* REQUIRED ACTION *
Would you please set down the lines of the data from the one containing "De Dodelijkste Jacht" to the final line, exactly and only those?

DATASET EXCERPTS Block Start

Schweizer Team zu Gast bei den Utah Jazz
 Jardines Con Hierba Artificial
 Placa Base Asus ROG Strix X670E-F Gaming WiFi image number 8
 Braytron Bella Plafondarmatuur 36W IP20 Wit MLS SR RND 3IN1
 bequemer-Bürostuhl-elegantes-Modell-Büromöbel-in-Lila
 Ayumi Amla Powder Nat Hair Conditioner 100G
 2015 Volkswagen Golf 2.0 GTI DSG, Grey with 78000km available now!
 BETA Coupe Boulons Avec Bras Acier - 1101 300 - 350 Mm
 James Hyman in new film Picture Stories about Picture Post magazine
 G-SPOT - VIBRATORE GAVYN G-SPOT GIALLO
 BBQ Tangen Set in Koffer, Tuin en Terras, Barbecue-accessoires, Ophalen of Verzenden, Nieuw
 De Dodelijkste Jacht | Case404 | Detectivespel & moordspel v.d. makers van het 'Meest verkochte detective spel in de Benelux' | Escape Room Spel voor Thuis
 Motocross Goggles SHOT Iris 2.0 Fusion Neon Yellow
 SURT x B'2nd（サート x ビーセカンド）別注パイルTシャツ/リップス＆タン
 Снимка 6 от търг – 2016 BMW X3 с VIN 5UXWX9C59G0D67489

DATASET EXCERPTS Block End

* RESULT FOR THIS TASK *
 De Dodelijkste Jacht | Case404 | Detectivespel & moordspel v.d. makers van het 'Meest verkochte detective spel in de Benelux' | Escape Room Spel voor Thuis
 Motocross Goggles SHOT Iris 2.0 Fusion Neon Yellow
 SURT x B'2nd（サート x ビーセカンド）別注パイルTシャツ/リップス＆タン
 Снимка 6 от търг – 2016 BMW X3 с VIN 5UXWX9C59G0D67489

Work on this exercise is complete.